PROBLEM DETAILS
Every line from the one with "Gebraucht BMW 320" to the end of the entries, both included, is to be copied exactly; the other lines stay out.

[[ DATASET ENTRIES open ]]

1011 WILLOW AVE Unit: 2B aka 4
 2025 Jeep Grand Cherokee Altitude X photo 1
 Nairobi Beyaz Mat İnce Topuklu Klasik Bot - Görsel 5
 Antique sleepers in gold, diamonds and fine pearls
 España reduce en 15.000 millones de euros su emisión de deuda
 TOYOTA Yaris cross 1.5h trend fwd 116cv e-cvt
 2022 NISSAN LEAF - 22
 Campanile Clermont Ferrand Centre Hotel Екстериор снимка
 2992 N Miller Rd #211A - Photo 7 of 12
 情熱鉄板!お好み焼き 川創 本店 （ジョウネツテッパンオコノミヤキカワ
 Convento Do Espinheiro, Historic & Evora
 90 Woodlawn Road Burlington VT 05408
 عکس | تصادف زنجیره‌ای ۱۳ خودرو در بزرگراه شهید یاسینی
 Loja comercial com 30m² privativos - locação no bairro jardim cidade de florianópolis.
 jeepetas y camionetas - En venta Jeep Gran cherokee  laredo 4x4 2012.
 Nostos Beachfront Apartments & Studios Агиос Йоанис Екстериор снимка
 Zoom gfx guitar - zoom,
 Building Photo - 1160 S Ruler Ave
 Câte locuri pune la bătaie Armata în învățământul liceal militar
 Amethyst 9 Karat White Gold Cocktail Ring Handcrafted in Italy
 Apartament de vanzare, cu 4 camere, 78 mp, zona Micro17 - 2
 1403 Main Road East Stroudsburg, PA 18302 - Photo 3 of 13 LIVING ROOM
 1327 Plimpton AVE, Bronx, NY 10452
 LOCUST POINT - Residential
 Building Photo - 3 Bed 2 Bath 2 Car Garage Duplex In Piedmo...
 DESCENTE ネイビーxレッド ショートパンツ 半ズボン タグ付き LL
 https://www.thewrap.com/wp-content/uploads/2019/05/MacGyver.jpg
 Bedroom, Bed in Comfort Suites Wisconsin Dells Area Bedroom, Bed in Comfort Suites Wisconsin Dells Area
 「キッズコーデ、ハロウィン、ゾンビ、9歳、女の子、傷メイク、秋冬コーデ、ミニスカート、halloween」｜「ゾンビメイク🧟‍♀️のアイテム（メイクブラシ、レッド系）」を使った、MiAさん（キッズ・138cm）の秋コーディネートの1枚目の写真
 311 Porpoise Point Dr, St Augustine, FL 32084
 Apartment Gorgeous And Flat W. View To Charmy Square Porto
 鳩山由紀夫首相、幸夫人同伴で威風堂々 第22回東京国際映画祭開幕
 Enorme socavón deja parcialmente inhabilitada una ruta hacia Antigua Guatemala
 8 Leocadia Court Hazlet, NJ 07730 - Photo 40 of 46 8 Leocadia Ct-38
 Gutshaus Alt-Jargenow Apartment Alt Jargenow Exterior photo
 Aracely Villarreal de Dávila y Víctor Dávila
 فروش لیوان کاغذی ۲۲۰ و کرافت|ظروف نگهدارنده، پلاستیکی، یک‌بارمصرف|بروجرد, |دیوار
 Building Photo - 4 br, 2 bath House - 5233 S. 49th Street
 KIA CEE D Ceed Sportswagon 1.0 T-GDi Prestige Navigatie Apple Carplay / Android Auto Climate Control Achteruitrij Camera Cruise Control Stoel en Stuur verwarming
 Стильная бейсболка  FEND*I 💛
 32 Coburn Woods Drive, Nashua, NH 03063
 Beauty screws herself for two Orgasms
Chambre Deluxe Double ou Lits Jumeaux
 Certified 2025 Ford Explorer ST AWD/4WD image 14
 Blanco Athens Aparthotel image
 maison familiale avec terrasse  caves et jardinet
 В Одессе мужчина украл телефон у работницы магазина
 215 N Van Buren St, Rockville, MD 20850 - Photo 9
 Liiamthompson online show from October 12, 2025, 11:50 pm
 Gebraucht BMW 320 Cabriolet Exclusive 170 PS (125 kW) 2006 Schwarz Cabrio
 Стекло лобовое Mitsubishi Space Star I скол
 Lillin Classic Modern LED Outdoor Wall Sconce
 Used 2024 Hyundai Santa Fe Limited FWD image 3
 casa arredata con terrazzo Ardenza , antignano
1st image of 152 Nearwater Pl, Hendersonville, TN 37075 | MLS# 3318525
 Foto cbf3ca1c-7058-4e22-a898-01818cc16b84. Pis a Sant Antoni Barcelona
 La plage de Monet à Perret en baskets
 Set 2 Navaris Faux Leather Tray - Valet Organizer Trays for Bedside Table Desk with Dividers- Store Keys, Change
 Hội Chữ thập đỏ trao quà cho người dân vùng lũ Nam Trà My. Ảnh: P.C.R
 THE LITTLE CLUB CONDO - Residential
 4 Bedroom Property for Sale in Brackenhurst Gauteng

[[ DATASET ENTRIES closed ]]

SOLUTION
 Gebraucht BMW 320 Cabriolet Exclusive 170 PS (125 kW) 2006 Schwarz Cabrio
 Стекло лобовое Mitsubishi Space Star I скол
 Lillin Classic Modern LED Outdoor Wall Sconce
 Used 2024 Hyundai Santa Fe Limited FWD image 3
 casa arredata con terrazzo Ardenza , antignano
1st image of 152 Nearwater Pl, Hendersonville, TN 37075 | MLS# 3318525
 Foto cbf3ca1c-7058-4e22-a898-01818cc16b84. Pis a Sant Antoni Barcelona
 La plage de Monet à Perret en baskets
 Set 2 Navaris Faux Leather Tray - Valet Organizer Trays for Bedside Table Desk with Dividers- Store Keys, Change
 Hội Chữ thập đỏ trao quà cho người dân vùng lũ Nam Trà My. Ảnh: P.C.R
 THE LITTLE CLUB CONDO - Residential
 4 Bedroom Property for Sale in Brackenhurst Gauteng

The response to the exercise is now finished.